Love him or hate him -- and there seem to be few who fall in between -- Manziel took college football to another dimension. With the cool nickname, the sideline cheerleading, the helmet slamming, the get-in-your-face speeches, and the social media lifestyle, he became what the NCAA abhors: a nationwide celebrity, a reality-show superstar â¦ a brand.
None of that would have mattered if he didn't continue to amaze, doing things that make him look like a character in a video game. His touchdown pass at 9:55 mark in the third quarter where he bounced off his own lineman, remained upright, spun and completed a 19-yarder to Travis Labhard rivaled the famous bouncing ball play from the Alabama game in 2012, and set the tone for the rest of the contest.
"We had a little play-action out-route bubble pass," he said. "I didn't get a very good look. Tyrell (Taylor) told me it was an easy touchdown. I think the way things go down I could always make it a little bit harder.
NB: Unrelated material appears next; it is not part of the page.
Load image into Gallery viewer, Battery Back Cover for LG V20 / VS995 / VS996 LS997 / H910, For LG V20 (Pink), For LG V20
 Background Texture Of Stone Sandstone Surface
"When I left my feet (just behind the line of scrimmage) originally, I thought I was in trouble because somebody from Duke was staring up at me. I don't know what happened after that. I kind of shot backwards, bounced off of somebody, got out of there and looked up. And I saw Lab sitting wide open."
Texas A&M head coach Kevin Sumlin smiled and shook his head during this recitation. Then he said, "That's coaching right there."
Manziel ran for another touchdown from three yards out after hitting receiver Mike Evans on a 25-yard pass play.
But none of his heroics would have mattered if the defense hadn't finally stepped up and made a play on Boone and the Duke offense.
With Duke leading by three with 5:44 to play, Boone completed a 15-yard pass, followed by a five-yard run by Josh Snead to get the Blue Devils beyond the 50-yard line. Then, Boone ran to his right and tried to throw to the corner, but defensive back Tony Hurd stepped in front for an interception that he returned 55 yards for a touchdown.
One possession later, Manziel was kneeling in the victory formation as the Aggies ran out the clock on the best pre-New Year's Day bowl game of the year.
As for the future, Manziel still wouldn't hint as to his plans, although he did make one statement that could be seen as a indication of his thinking.
"I feel like (Duke) dared us to beat them in one-on-one coverage," he said. "I know they like to play some man in the NFL, I know that. Our receivers ran some great routes and we just tried to put it on them as much as we could."
Put it on them he did. Those who were there got to see something really special. If it does, in fact, turn out to be Manziel's last college game, they also got to see history. And they will remember it for many, many years to come.